MeL4CV Workshop at AAAI 2021

1. Joaquin Vanschoren, Eindhoven University of Technology

Joaquin Vanschoren is an assistant professor of machine learning at TU/e. His research is focused on machine learning systems that learn how to learn, all by themselves. Specifically, he works on meta-learning and automated machine learning (AutoML). He hopes that one day, computers will learn automatically and continuously from one task to the next, with minimal supervision and maximal curiosity, much like humans do. He is the founder of OpenML.org which is an online platform for sharing data, code, models and experiments.

Title: Learning to reinforcement learn for Neural Architecture Search
Reinforcement learning (RL) is a goal-oriented learning solution that has proven to be successful for Neural Architecture Search (NAS) on the CIFAR and ImageNet datasets. However, a limitation of this approach is its high computational cost, making it unfeasible to replay it on other datasets. Through meta-learning, we could bring this cost down by adapting previously learned policies instead of learning them from scratch. In this talk, I will discuss a deep meta-RL algorithm that learns an adaptive policy over a set of environments, making it possible to transfer it to previously unseen tasks. I will also discuss how the agent effectively adapts its strategy during training to design better architectures than the ones designed by a standard RL algorithm, and can design good architectures during the evaluation on previously unseen environments.

2. Timothy Hospedales, University of Edinburgh

Timothy Hospedales is a Professor within IPAB in the School of Informatics at the University of Edinburgh, where he heads the Machine Intelligence Research group.

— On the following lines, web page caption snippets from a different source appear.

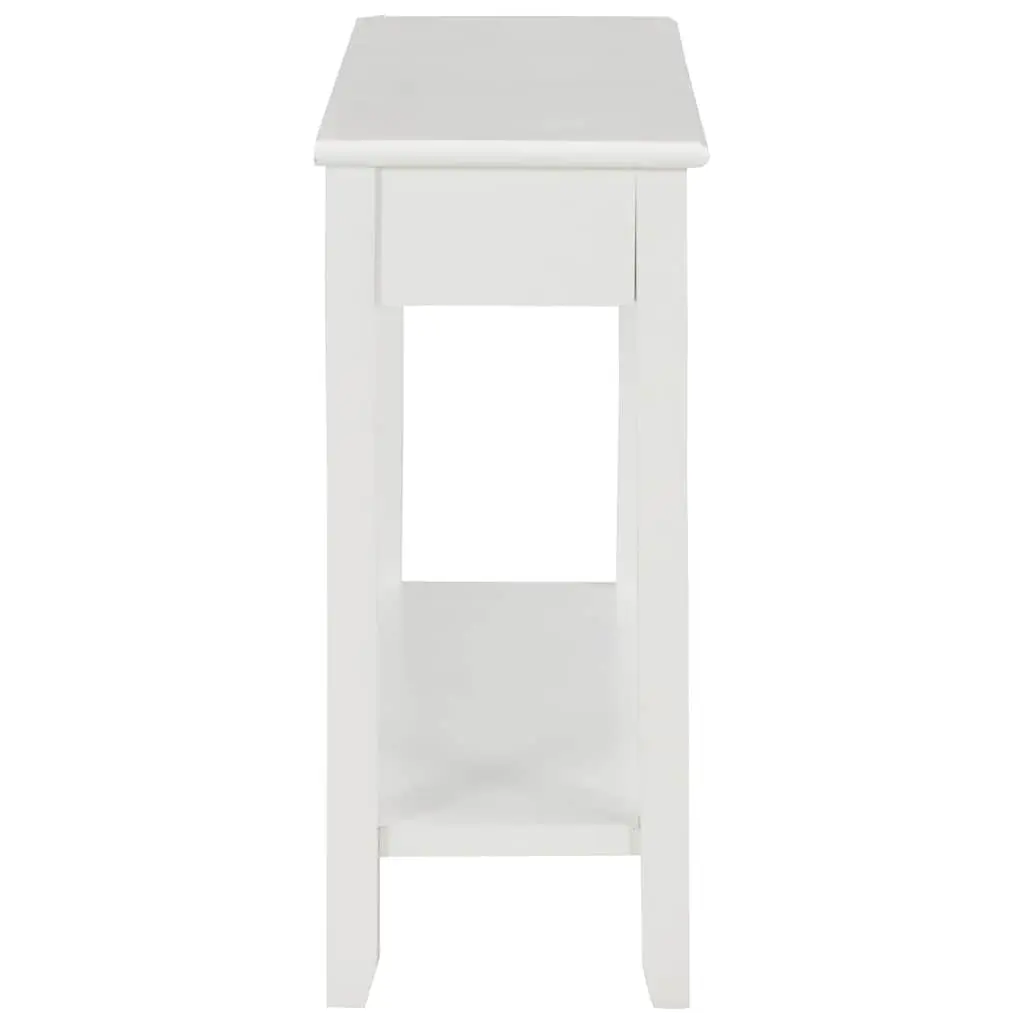 End Table White Wooden Console 110x35x80 cm with Drawers and Shelf Storage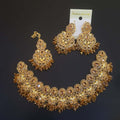 Elegant Floral & Gold Choker Necklace Set with Earrings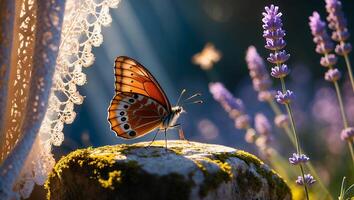 Butterfly on Mossy Stone with Lavender and Light photo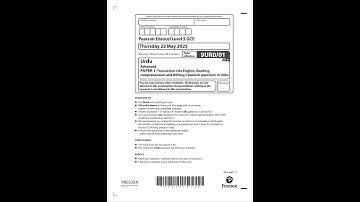 Merged 2025 Pearson EDEXCEL A Level Urdu Paper 1 And Mark Scheme 9ur0 01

He is also the Principal Scientist at Samsung AI Research Centre, Cambridge and a Turing Fellow of the Alan Turing Institute. His research focuses on data-efficient and robust machine learning using techniques such as meta-learning and lifelong transfer-learning, in both probabilistic and deep learning contexts. He works in a variety of application areas including computer vision, vision and language, reinforcement learning for robot control, finance and beyond.

Title: Meta-Learning: Representations and Objectives
In this talk I will first give an overview perspective and taxonomy of major work the field, as motivated by our recent survey paper on meta-learning in neural networks. I hope that this will be informative for newcomers, as well as reveal some interesting connections and contrasts that will be thought-provoking for experts. I will then give a brief overview of recent meta-learning work from my group which covers some broad issues in computer vision where meta-learning can be applied including dealing with domain-shift, data augmentation, learning with label noise, and accelerating RL. Finally, I will describe some recent results that may settle the recent debate in few-shot learning about whether or not meta-learning is made redundant by strong feature extractor training.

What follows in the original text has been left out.